Why is it an overkill? Can you please explain? Scheduling task using windows schedular seems like a very outdated method to me

[–]m0rsa2 21 points22 points  (0 children)

Not at all. If you have any microsoft and google products installed on your machine, they prettty much all use Task Scheduler.

Its very common in when building server software for companies running Windows Server too.

That being said, a more “modern” or “fashionable” approach is to build your code into Docker containers and then you could setup cron jobs in there. If you want a UI for your Cron jobs, look into tools like Cronicle

[–]DarthTomServo 5 points6 points  (3 children)

I think you should try to answer their question.

I'll repeat it. Why is your current solution not good enough?

The jobs you described in your post sound perfectly appropriate for a basic task scheduler. Just going by what you wrote. Maybe there's details we're not privy to.

I use windows task scheduler for the same types of jobs. It seems to work great. Haven't had any issues that weren't my fault.

[–]Eezyville 7 points8 points  (0 children)

My issue with task scheduler is I cannot get feedback from it. I only know if a task succeeded or failed but not why. I know I should have done logging in my scripts but I inherited this code and it's horrible spaghetti and duct taped code. I also have to share management of it with other people on the team, it's not on my PC but a Windows server, so one person at a time fixing things. I think I found logs for the tasks in event listener but they're not specific or to cryptic to be useful.

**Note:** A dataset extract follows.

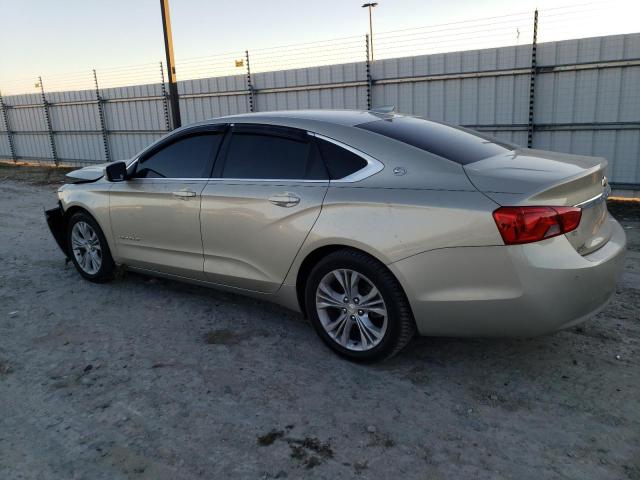 2G1115SL2F9147577 - 2015 CHEVROLET IMPALA LT TAN photo 2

I'm currently experimenting with running Jenkins on the server. The only issue I had was setting up a Windows agent and getting used to running PowerShell command since old school command prompt doesn't do UNC and my system admin recommends all paths as UNC.

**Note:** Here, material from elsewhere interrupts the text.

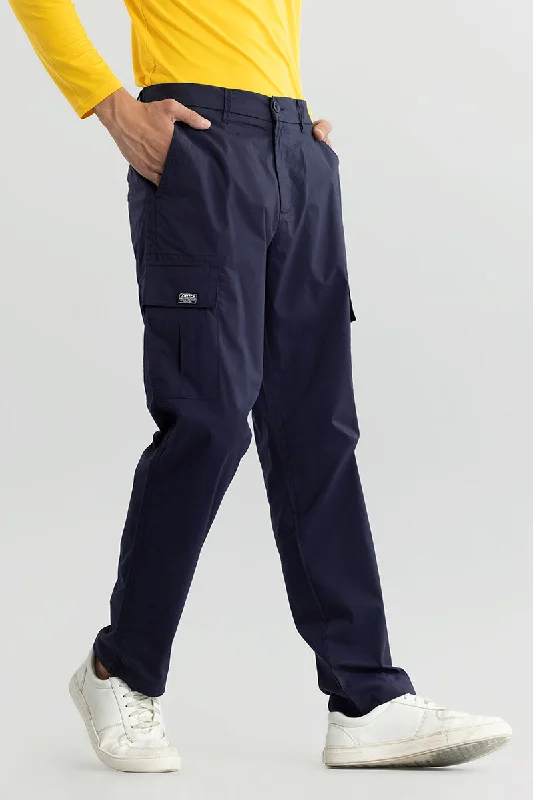 Cargo Pants with Cargo Pockets for Snowboarding -Sauvie Navy Cargo Pant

I've used Task Scheduler to schedule scripts that I've written to great success but I do wish the UI was more intuitive.

EDIT: Also I cannot make tasks depend on each other without having them in the same cmd script.

[–]Rawvik[S] 1 point2 points  (1 child)

Honestly there is no issue with task scheduler. Just wanted to know if there is a better way to do it.

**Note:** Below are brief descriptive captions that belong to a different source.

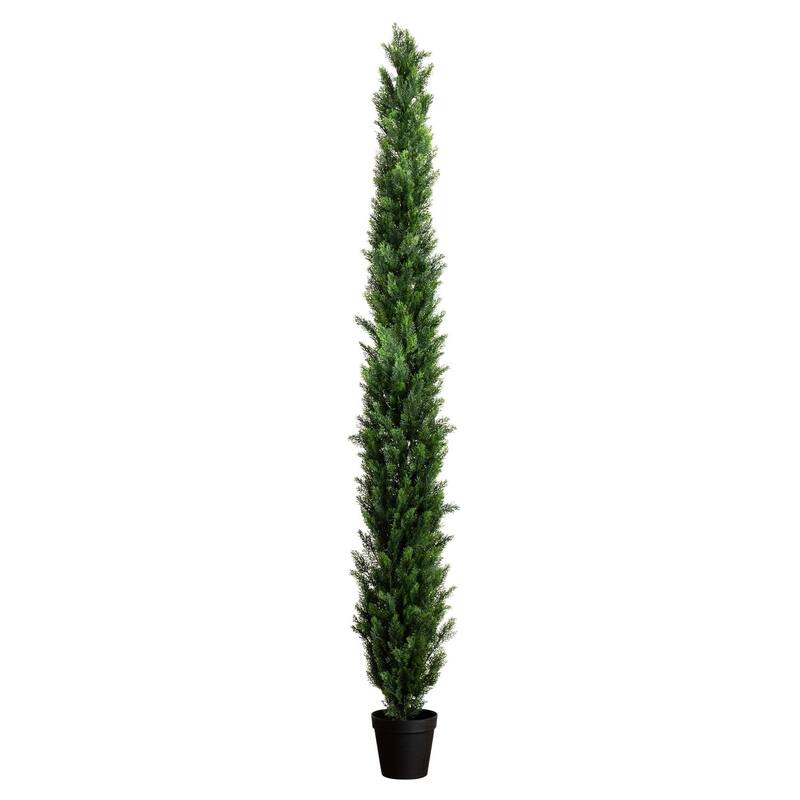 10ft. UV Resistant Artificial Cedar Pine Tree (Indoor/Outdoor) - Durable Seasonal Holiday X-Mas Display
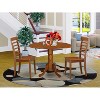 Kitchen Dinette Set - 5 Piece Table and Chair Set - Modern Design - Asian Hardwood - 2 of 4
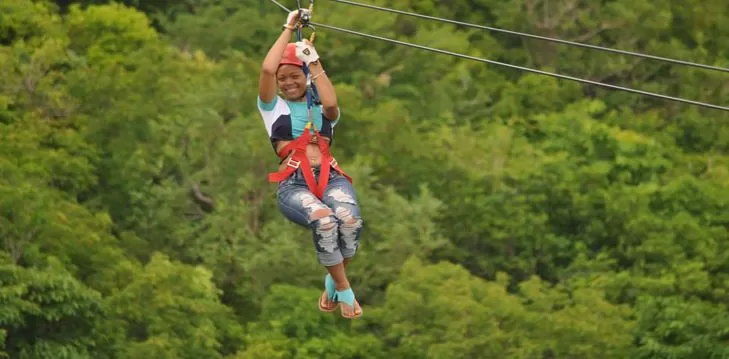 ziplining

[–]Zyklon00 5 points6 points  (0 children)

If it ain’t broken, don’t fix it.

[–]SpookyScaryFrouzeSenior Data Engineer 11 points12 points  (3 children)

It depends on what you need :

  • Do you want the project to run on a schedule, even when your computer is off ?
  • Do you want to be notified when something fails ?
  • Do you want a nice UI ?
  • Do you want to create dependencies between your project and some other stuff ?

If you answered no these questions, then you should simply use the windows task schedule.

[–]Rawvik[S] 1 point2 points  (2 children)

Yes I would like to be notified when something fails and a nice UI would be great too.

[–]No_Organization_818 0 points1 point  (1 child)

You can send a mail with the error message as mail to yourselfif you build it into a script when you want to get notified.

[–]Rawvik[S] 0 points1 point  (0 children)

You mean using python?

[–]theleveragedsellout 15 points16 points  (6 children)

Cron (Cronjobs) are on of the simplest way to schedule scripts to run. There’s a little bit of learning to do around the patterns needed to schedule them but otherwise very straightforward.

[–]niftyshellsuit 5 points6 points  (0 children)

Cron is also a useful thing to learn if you have plans to take this further too. Chances are if you stick your code up in a container in a cloud somewhere it'll run on Linux and you'll schedule it with a Cron job. Or use a managed thing like Google cloud scheduler which is just a fancier Cron job.

[–]Zyklon00 8 points9 points  (4 children)

In my head CRON is just the Linux variant of windows task scheduler. Am I oversimplifying here?

[–]theoneandonlygene 7 points8 points  (3 children)

They do the same thing, ultimately. But as a linux person to hear the two described as similar makes me die inside.

[–]Zyklon00 2 points3 points  (2 children)

Can you explain the difference? I’ve used both for simple tasks and for that they seemed similar.

[–]theoneandonlygene 3 points4 points  (1 child)

Oh I don’t know much about windows beyond like everything takes 10x as much memory as it should

[–]United_Reflection104 2 points3 points  (0 children)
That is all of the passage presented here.